Affiliation: Cornell University
Caitlín Barrett is Associate Professor with the Department of Classics, Cornell University. She holds her degrees from Harvard University and Yale University (Ph.D.), and was a Fulbright Fellow at the American School of Classical Studies at Athens. Her areas of specialization include Classical archaeology and Egyptology, the archaeology of religion and ritual, and household archaeology. She is the Co-Director of the Casa della Regina Carolina (CRC) Project at Pompeii, and she has published extensively on interactions between Egypt and the Greco-Roman world. Her first book, Egyptianizing Figurines from Delos: A Study in Hellenistic Religion (Leiden: Brill, 2011), investigated religious change and cultural hybridization in the household through a study of locally-made “Egyptianizing” terracotta figurines from the Hellenistic trading port of Delos. Her second book, Domesticating Empire: Egyptian Landscapes in Pompeian Gardens (Oxford University Press, 2019), is the first contextually-oriented monograph on Egyptian imagery from Roman domestic contexts.
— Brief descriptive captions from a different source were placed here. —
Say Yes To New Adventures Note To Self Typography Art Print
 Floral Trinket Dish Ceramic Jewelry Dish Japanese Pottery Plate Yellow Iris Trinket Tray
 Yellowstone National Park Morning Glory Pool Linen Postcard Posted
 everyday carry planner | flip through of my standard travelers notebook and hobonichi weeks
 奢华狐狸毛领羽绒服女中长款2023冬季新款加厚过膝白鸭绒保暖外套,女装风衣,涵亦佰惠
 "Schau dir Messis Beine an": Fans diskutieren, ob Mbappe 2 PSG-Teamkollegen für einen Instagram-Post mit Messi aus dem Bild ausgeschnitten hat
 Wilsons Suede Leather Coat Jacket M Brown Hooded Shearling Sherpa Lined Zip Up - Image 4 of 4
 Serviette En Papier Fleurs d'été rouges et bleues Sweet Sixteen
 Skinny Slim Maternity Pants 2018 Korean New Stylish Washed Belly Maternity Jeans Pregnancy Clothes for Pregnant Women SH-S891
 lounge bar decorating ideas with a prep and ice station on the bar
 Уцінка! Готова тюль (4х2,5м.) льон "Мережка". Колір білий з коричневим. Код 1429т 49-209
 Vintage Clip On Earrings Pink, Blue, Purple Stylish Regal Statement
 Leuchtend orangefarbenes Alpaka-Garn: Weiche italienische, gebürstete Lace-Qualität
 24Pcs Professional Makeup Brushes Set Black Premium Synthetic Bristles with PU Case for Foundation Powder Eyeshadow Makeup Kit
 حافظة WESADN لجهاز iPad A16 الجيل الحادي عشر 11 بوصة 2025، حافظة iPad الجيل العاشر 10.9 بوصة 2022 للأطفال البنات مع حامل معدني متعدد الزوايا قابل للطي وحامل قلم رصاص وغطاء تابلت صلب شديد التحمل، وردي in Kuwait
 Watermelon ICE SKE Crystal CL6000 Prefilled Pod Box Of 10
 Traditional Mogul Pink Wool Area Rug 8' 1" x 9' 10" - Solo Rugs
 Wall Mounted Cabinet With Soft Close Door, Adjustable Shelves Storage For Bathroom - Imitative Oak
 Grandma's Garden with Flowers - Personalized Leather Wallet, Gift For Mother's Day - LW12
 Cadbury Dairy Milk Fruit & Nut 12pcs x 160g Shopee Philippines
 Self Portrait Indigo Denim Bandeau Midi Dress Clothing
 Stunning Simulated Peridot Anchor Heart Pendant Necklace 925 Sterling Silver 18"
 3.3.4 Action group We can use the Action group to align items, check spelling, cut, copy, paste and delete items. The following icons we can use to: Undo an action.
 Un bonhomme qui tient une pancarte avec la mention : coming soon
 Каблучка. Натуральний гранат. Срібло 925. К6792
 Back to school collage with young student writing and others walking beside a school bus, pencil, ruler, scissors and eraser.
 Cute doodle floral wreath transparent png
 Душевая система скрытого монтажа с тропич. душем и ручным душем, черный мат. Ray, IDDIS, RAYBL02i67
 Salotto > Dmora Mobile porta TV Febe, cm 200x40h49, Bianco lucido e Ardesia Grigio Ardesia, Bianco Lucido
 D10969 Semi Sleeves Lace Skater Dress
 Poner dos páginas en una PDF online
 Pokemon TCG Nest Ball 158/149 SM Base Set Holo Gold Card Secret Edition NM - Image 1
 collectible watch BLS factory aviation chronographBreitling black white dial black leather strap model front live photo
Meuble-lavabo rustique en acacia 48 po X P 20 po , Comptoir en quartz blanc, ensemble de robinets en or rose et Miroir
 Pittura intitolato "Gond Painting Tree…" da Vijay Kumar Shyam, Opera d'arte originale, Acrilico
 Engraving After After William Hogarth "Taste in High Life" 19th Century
Throughout the Roman empire, many people used amulets inscribed with unusual-looking images of supernatural beings, esoteric signs, and magic words. Scholars typically categorize these artifacts as “magical” and assume that they were used for personal ritual purposes. However, an analysis of “magical gems” from documented archaeological contexts suggests a broader range of possible functions and values for these objects. Because most known “magical gems” come from unprovenienced museum collections, research has traditionally focused almost exclusively on their iconography and inscriptions. This approach effectively de-materializes the gems, reducing them to two-dimensional images and texts rather than artifacts from archaeological contexts. However, ongoing excavation has now produced a corpus of about 25 so-called “magical gems” from known findspots. The objects’ distribution is extremely broad, with examples from Italy, Greece, the Levant, Anatolia, Central Europe, and Britain. Their findspots include burials, industrial contexts, domestic contexts, hoards, military installations, and public archives. This evidence suggests a surprisingly flexible set of functions for these objects, which appear to have participated in activities ranging from ritual practice to record-keeping. Furthermore, the gems’ functions and values appear to have depended not only on their iconography and inscriptions, but also their materiality. Stones such as carnelian, hematite, jasper, lapis lazuli, and agate not only possessed display value, but were sometimes thought to possess magico-medical properties of their own. Some consumers may thus have valued gems’ raw materials as much as – if not more than – their imagery. Ultimately, a contextual analysis points to the importance of framing, user choice, and materiality. While engraved gems’ inscriptions and imagery certainly contributed to consumers’ decisions about how to use them, these potentially multifunctional objects resist reduction to texts or images alone. Instead, their functions and valuations may have been flexible, emerging from ongoing interactions with users, contexts, and assemblages.
This talk addresses the problem of determining which household artifacts served “religious” functions, and indeed, what we mean by “religious functions” in the first place. Debates about the functions of domestic artifacts often assume an opposition between “religious” and “decorative” uses, but the presentation of these options as mutually incompatible is often unproductive and anachronistic. This talk uses the case study of one common type of household objects – terracotta figurines – to argue for a more nuanced approach to function and value. Terracotta figurines are common finds in Greek houses from many periods, and discussions of their uses commonly treat them either as cult objects or domestic decoration. I argue for a less binary range of possible functions and values for domestic terracottas. Instead, I approach terracotta figurines from a perspective rooted in contemporary work on materiality, affordance theory, and the “archaeology of value.” Focusing on finds from Late Classical and Hellenistic houses and concluding with a case study from Hellenistic Delos, I use material and textual evidence to investigate the full range of ways that people interacted with terracotta figurines in household contexts. I argue that in addition to facilitating interaction between humans and divinities, figurines could also facilitate interaction between humans: impressing or amusing visitors, presenting their owners as cultural sophisticates, or even activating magical spells designed to bend other people to one’s will. Figurines could thus take part – often simultaneously – in activities ranging from cultic, to social, to practical, to magical. Additionally, people frequently treated figurines not only as objects upon which human agency could work, but as agents in their own right: capable of action, perception, and participation in social relationships that inextricably interwove the human, divine, and material worlds.